Leo que los padres de los jóvenes implicados en los incidentes de Pozuelo han apelado la sentencia que condenaba a sus hijos a tres meses sin salir por la noche. Si estuviéramos en otro tiempo o en el interior de uno de esos monólogos humorísticos de la televisión, podríamos pensar que los padres han recurrido esa decisión judicial porque les parece blanda, porque quieren un castigo más serio: una buena temporada de trabajo en favor de la comunidad, o al menos un periodo más largo sin juergas nocturnas para esas criaturas suyas, convertidas esa noche de autos en auténticos vándalos. Pero lejos del humor, y en este presente, sabemos que esa hipótesis no tiene sentido; que si hay recurso es porque los padres estiman que la sentencia es excesiva, injusta por arriba; que quemar coches, destruir el mobiliario urbano o atacar una comisaría, no es para tanto, no merece tantos meses sin salir. Aunque tampoco parece del todo descabellado imaginarle al asunto otra razón, tan poco tranquilizadora como la anterior, y es que esos padres hayan interpuesto el recurso mayormente forzados, impulsados por el temor a la reacción de sus hijos, al "calentamiento global" que éstos pudieran organizarles a domicilio (donde el mobiliario no es común sino privativo, o donde la autoridad agredida no es la pública sino la propia); obedeciendo, en fin, al práctico principio de dejar que en la calle hagan lo quieran con tal de tener en casa "la fiesta en paz".
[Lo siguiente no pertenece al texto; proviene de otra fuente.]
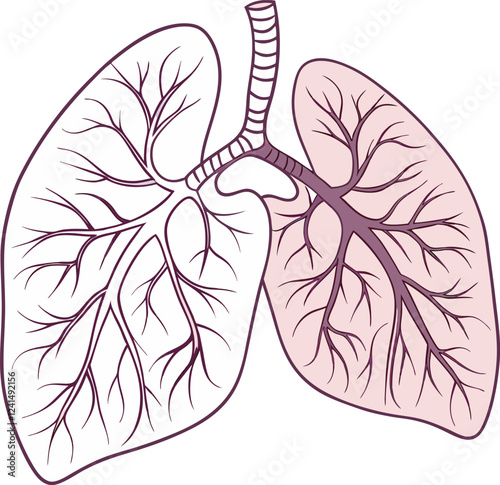 Lungs Human organs hand drawn vector illustration line art. Human lungs. Medical illustration. Vector on white background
Sea cual sea la razón última, la sentencia ha sido recurrida, y ese recurso constituye un ejemplo más de que la educación de los más jóvenes necesita, tanto en lo teórico como en lo práctico, reconsideraciones y reparaciones urgentes, porque está tan averiada que anda dando tumbos, por no decir que en muchos casos ha dejado de andar. Toparse aquí con menores asilvestrados, que no sólo no respetan sino que no (re)conocen ningún tipo de norma, límite, criterio de autoridad, o de empatía o consideración por el otro, no constituye un fenómeno aislado ni periférico (atribuible a la exclusión social), sino continuo y central. Y tan amplio que forma parte de la experiencia de cualquier día y casi de cualquier lugar.

Es seguro que las causas y las responsabilidades no son únicas, que este descalabro educativo tan extenso y explícito sigue una lógica en dominó, con derrumbes encadenados y sucesivos. Pero parece evidente que la primera pieza, la que origina las demás caídas, hay que buscarla en la familia. En tantos padres y madres, desentendidos (término que elijo porque abarca tanto lo consciente como lo involuntario) de la tarea de educar a sus hijos. Remediar este guión es imprescindible y pasa, en mi opinión, por un urgente debate-pacto de re-definición de las responsabilidades parentales y de regulación de estas responsabilidades, es decir, de establecimiento de criterios y mecanismos actualizados para su cumplimiento y exigencia.